▶ **MATERIAL SUPPLIED**:

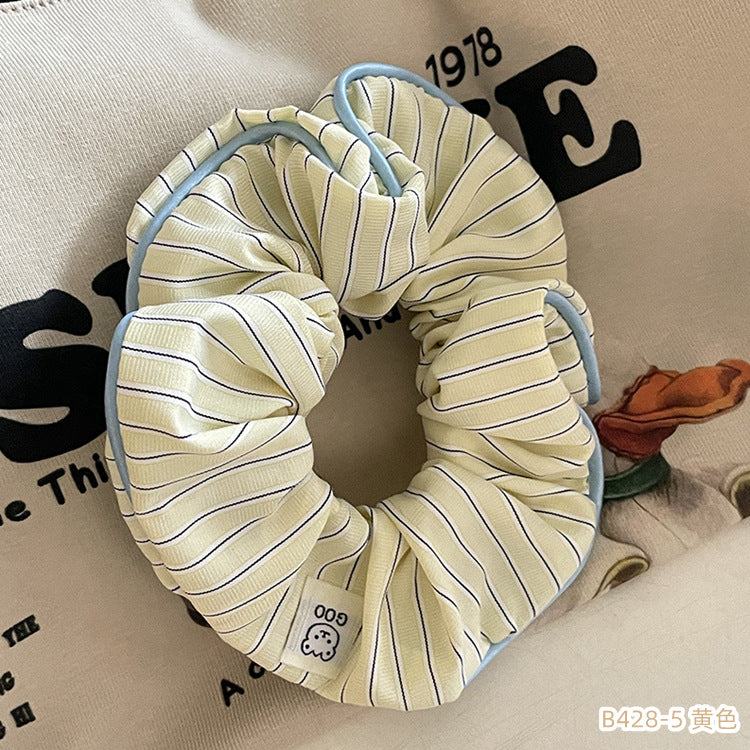 D廠【B428】甜美奶油色大腸髮圈韓繫條紋小熊高馬尾頭繩森系少女丸子頭髮繩 24.05-3「D廠-單筆結帳需滿,NT$600出貨(不含運費)」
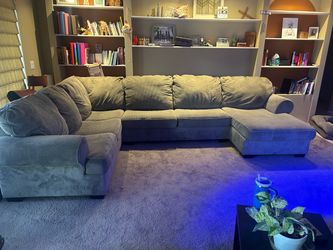 Comfy LARGE grey corduroy sectional
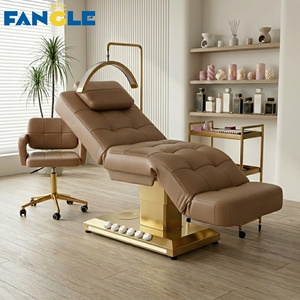 Meilleures ventes : Mobilier d'esthétique - Lit <span class=keywords><strong>de</strong></span> cils incurvé à base dorée, Lit <span class=keywords><strong>de</strong></span> soin du visage électrique, Table <span class=keywords><strong>de</strong></span> massage <span class=keywords><strong>de</strong></span> luxe pour spa, Lit pour extensions <span class=keywords><strong>de</strong></span> cils - Product Image 1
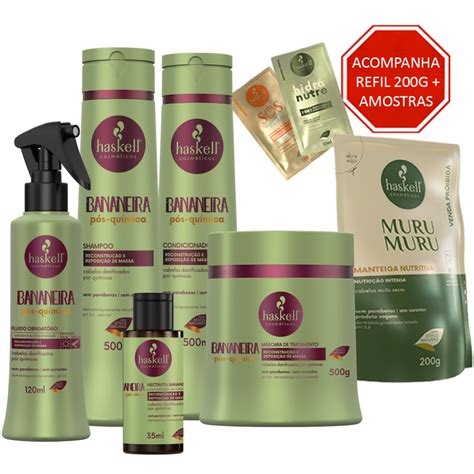 Kit Haskell Bananeira Shampoo Cond Másc Fluido E Necta 500ml Camala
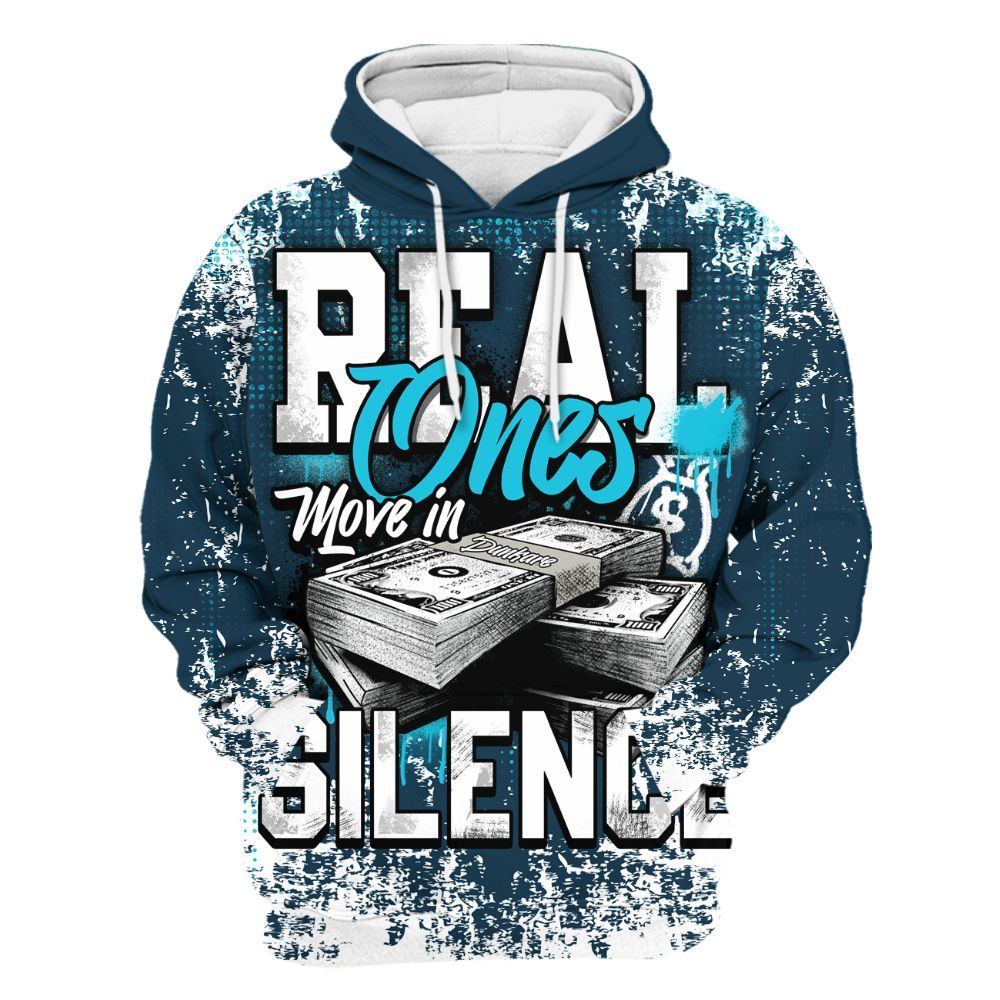 Hoodie To Match Air Navy Baltic Blue - Move In Silence Money Street Retro All Over Print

▶ **EXERCISE OBJECTIVE**:
From the material above, copy everything exactly but the pictures.

▶ **RESULT FOR THIS EXERCISE**:
 D廠【B428】甜美奶油色大腸髮圈韓繫條紋小熊高馬尾頭繩森系少女丸子頭髮繩 24.05-3「D廠-單筆結帳需滿,NT$600出貨(不含運費)」
 Comfy LARGE grey corduroy sectional
 Meilleures ventes : Mobilier d'esthétique - Lit <span class=keywords><strong>de</strong></span> cils incurvé à base dorée, Lit <span class=keywords><strong>de</strong></span> soin du visage électrique, Table <span class=keywords><strong>de</strong></span> massage <span class=keywords><strong>de</strong></span> luxe pour spa, Lit pour extensions <span class=keywords><strong>de</strong></span> cils - Product Image 1
 Kit Haskell Bananeira Shampoo Cond Másc Fluido E Necta 500ml Camala
 Hoodie To Match Air Navy Baltic Blue - Move In Silence Money Street Retro All Over Print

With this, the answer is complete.